And here we are again, dear readers!
Often enough, we have applicant attorney fighting tooth and nail, proverbially speaking, to keep out of a defendant’s MPN. Sometimes it is for legitimate reasons like when an applicant walks into an exam room and is asked to place the audio recording of the doctor giving a generic exam. Sometimes it’s for less legitimate reasons like “I got a guy who will put TD checks in your left pocket and some serious drugs in your right, but he’s not in the MPN.”
Sometimes, however, you have the case where the reason why an applicant is not treating in the MPN is because the claim was denied to begin with. So what do you do once the claim has been accepted?
Well that was the fact pattern in the split panel decision of Kim v. Elite 4 Print, Inc. Therein, the facts are just as above.
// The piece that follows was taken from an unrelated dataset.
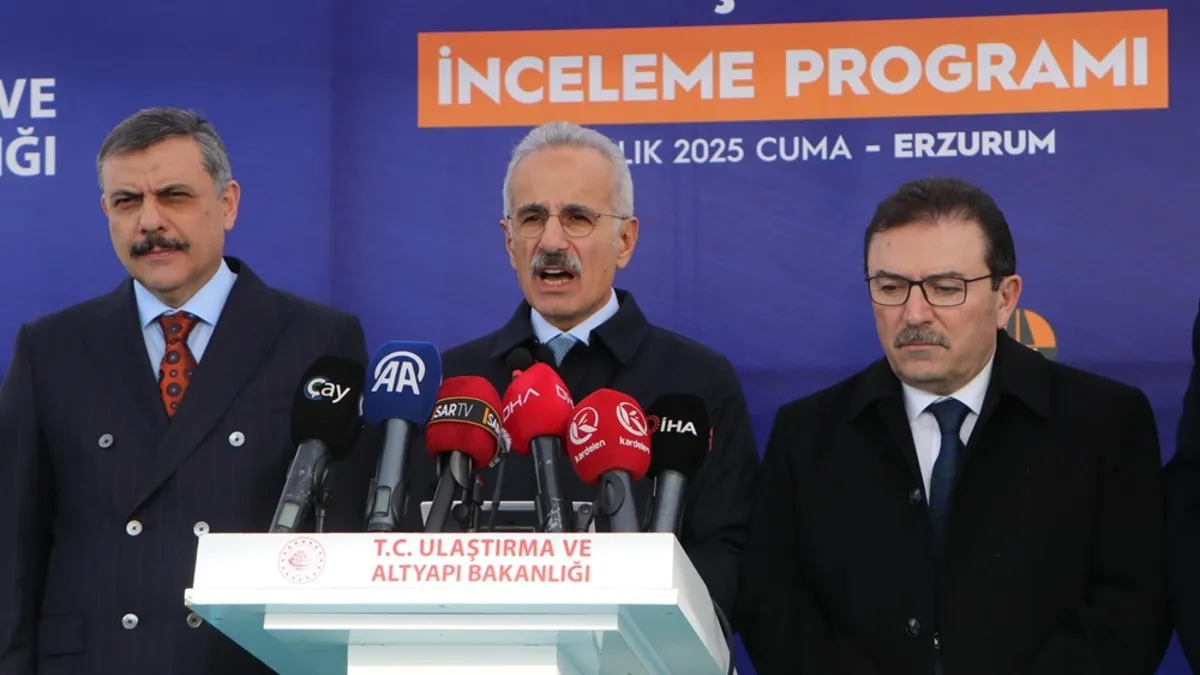 Bakan Uraloğlu açıkladı: Kırık Tüneli dağlara mühendislik imzası atıyor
Applicant’s claim is denied so the treatment is received from a non-MPN physician. Then the claim is accepted and applicant refuses to transfer care into defendant’s MPN.
The split panel sided with defendant on this one – a limited victory but your humble blogger will take what he can get, as he has learned from his run-ins with Mr. Yev Kasem.
The WCAB majority noted that defendant sent applicant, applicant’ counsel, and the non-MPN doctor a letter pursuant to section 9767.9. However, an expedited hearing was set with applicant advancing the theory that “based on its initial denial of applicant’s injury claim, is defendant … permanently barred from transferring applicant into its MPN…”
The majority noted that “section 4603.2(a)(2) does not preclude defendant from exercising medical control through its MPN after it accepted applicant’s claim of injury.”
One commissioner dissented, however, reasoning that the record failed to adequately address the question of whether defendant denied or failed to provide care.
So there’s something to take cheer in, at least. And, dear readers, what better way to start the week with some good news.